Semisimple Lie algebra and Jacobson radical

Question

In the theory of Lie algebras, the radical $\mathrm{rad} (\mathfrak{g})$ of a Lie algebra $\mathfrak{g}$ is defined to be a (the) maximal solvable ideal of $\mathfrak{g}$, and the Lie algebra $\mathfrak{g}$ is said to be semisimple if $\mathrm{rad} (\mathfrak{g}) = 0$.

On the other hand, in the theory of associative algebras, the Jacobson radical $\mathrm{rad} (A)$ of an algebra $A$ is the intersection of all maximal (left) ideal of $A$, and the algebra $A$ is semisimple if $A$ is artinian and $\mathrm{rad} (A) = 0$.

(A semisimple algebra is a semisimple module (direct sum of simple modules) over itself.)

Then, there rises two questions to me:

• Is the universal enveloping algebra $U (\mathfrak{g})$ artinian?
• Do this two kinds of semisimplicity coincide; that is, $\mathfrak{g}$ is semisimple iff $U (\mathfrak{g})$ is semisimple?

If not, under which circumstances can we deduce the equivalence of semisimplicity?

Answer 1

In a comment to his answer to the related question Ties between Lie algebras and ring theory, Qiaochu Yuan points out the very short paper by Erazm J. Behr, Jacobson Radical of Filtered Algebras (Proc.

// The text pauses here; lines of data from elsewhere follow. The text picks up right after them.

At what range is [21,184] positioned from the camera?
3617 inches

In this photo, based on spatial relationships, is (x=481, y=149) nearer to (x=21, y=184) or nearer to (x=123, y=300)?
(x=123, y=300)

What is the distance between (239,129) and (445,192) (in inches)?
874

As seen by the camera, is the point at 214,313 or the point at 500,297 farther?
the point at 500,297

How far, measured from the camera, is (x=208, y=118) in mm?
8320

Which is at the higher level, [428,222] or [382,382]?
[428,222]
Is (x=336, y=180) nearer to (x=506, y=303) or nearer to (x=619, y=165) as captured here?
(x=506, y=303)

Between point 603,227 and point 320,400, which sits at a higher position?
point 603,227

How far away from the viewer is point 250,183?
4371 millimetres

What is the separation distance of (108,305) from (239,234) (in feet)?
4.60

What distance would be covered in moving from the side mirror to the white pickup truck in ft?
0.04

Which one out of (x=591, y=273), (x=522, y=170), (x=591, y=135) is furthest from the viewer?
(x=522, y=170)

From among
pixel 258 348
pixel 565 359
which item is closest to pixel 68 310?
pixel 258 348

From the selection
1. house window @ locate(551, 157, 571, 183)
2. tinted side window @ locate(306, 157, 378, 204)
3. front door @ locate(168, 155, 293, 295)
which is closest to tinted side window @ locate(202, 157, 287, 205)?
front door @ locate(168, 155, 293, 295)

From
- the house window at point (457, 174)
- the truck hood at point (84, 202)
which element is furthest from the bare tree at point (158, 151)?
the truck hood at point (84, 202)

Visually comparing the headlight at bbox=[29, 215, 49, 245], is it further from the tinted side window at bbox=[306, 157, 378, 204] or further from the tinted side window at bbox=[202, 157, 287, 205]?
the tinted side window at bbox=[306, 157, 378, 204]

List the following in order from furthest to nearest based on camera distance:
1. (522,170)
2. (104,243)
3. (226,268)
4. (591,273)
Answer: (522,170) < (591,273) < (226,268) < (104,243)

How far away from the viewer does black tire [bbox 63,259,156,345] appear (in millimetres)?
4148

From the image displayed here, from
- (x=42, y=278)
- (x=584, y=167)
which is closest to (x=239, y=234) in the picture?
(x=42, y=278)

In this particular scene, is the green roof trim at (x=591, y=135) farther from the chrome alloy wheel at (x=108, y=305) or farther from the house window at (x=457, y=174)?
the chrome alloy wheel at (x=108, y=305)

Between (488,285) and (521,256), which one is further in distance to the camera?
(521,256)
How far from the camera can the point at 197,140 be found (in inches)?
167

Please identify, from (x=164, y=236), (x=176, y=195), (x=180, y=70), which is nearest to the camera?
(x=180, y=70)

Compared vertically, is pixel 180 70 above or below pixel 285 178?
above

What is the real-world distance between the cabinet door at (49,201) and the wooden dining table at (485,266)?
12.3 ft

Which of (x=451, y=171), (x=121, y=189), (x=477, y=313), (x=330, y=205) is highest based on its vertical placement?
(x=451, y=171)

AMS 98(4), 1986) which shows that the Jacobson radical of the universal enveloping algebra $U(\mathfrak{g})$ only depends on the "basis ring (!)" of the Lie algebra $\mathfrak{g}$. More precisely, it shows:

Let $L$ be a Lie algebra over a commutative unital ring $R$. Then the Jacobson radical of $U_R(L)$ (the universal enveloping algebra of $L$ viewed as an $R$-algebra) is generated by $Nil(R)$, the nilradical of $R$.

In particular, if our Lie algebra is defined over some field (or just integral domain) $K$, then $Jac(U(\mathfrak{g}))=0$ automatically! (The paper gives credit for this result to an earlier paper by R. S. Irving.)

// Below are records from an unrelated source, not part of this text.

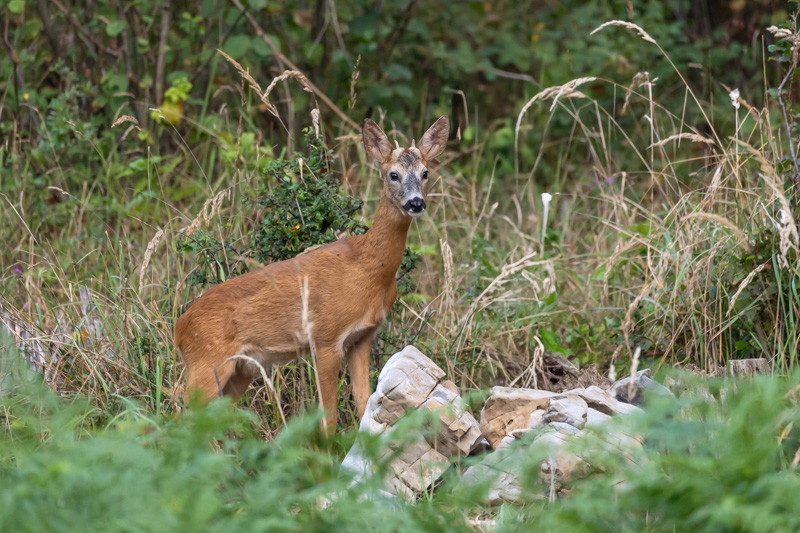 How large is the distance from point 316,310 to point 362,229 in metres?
0.75

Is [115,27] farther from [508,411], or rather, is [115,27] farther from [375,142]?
[508,411]

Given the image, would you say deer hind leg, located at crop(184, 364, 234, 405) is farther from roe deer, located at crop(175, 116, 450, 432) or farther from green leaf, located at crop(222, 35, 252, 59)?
green leaf, located at crop(222, 35, 252, 59)

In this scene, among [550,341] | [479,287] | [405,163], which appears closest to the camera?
[405,163]

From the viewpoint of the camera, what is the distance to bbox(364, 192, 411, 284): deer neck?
4504mm

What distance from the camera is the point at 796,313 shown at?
4.54m

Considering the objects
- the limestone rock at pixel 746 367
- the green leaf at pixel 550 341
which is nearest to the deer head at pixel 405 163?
the green leaf at pixel 550 341

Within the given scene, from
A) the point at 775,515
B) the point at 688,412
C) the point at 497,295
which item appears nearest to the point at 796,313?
the point at 688,412

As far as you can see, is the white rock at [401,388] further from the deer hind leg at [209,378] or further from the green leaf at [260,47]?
the green leaf at [260,47]

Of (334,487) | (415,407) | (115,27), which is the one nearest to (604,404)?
(415,407)

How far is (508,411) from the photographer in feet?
13.4

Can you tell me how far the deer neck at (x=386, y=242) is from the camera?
4.50 metres

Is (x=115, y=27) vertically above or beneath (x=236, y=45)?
above

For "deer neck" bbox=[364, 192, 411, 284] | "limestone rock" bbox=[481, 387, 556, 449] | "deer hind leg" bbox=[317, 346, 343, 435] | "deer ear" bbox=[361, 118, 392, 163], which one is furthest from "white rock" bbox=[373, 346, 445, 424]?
"deer ear" bbox=[361, 118, 392, 163]

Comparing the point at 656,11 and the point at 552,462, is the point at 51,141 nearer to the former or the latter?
the point at 552,462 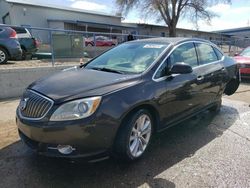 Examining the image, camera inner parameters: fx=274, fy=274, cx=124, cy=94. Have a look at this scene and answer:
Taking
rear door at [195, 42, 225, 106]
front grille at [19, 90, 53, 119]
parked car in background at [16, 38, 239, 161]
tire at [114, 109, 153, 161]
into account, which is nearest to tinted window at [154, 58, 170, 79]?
parked car in background at [16, 38, 239, 161]

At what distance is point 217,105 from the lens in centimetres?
585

This in particular implies that the Jacobson radical of $U(\mathfrak{g})$ has virtually nothing to do with the Lie-theoretic radical of $\mathfrak{g}$.

As for the property of being artinian, one obvious counterexample is given by abelian Lie algebras $\mathfrak{a}$ (over a field $K$): For these, it is well-known that $U(\mathfrak{a})$ is isomorphic to a polynomial ring in $\dim_K \mathfrak{g}$ variables over $K$. In particular, these rings are non-artinian unless $\mathfrak{g} = 0$.

If I'm not mistaken, we don't need the abelianness here, but with a bigger gun we get a much stronger result: If $0 \neq x \in \mathfrak{g}$, then by Poincare-Birkhoff-Witt $R:=U(\mathfrak g)$ contains the infinite chain of left ideals $Rx \supsetneq Rx^2 \supsetneq Rx^3 \supsetneq ...$.

Upshot: If $\mathfrak{g} \neq 0$ is any Lie algebra over a field, $U(\mathfrak g)$ is never artinian but always Jacobson-semisimple.

Answer 2

You may also be interested in the relation between the solvable (usual) radical $\operatorname{rad}(\mathfrak g)$ and the Jacobson radical $\operatorname{Jac}(\mathfrak g)$ (the intersection of maximal ideals).

Theorem (Marshall). One has $\operatorname{Jac}(\mathfrak g) = [\mathfrak g, \operatorname{rad}(\mathfrak g)]$.

E. I. Marshall, The Frattini Subalgebra of a Lie Algebra, Journal of the London Mathematical Society, Volume s1-42, Issue 1, 1967, Pages 416–422. https://academic.oup.com/jlms/article-abstract/s1-42/1/416/844116.

$\operatorname{Jac}(\mathfrak g)$ is nilpotent but need not be the maximal nilpotent ideal. For example when $\mathfrak g$ is abelian, $\operatorname{Jac}(\mathfrak g) = 0$.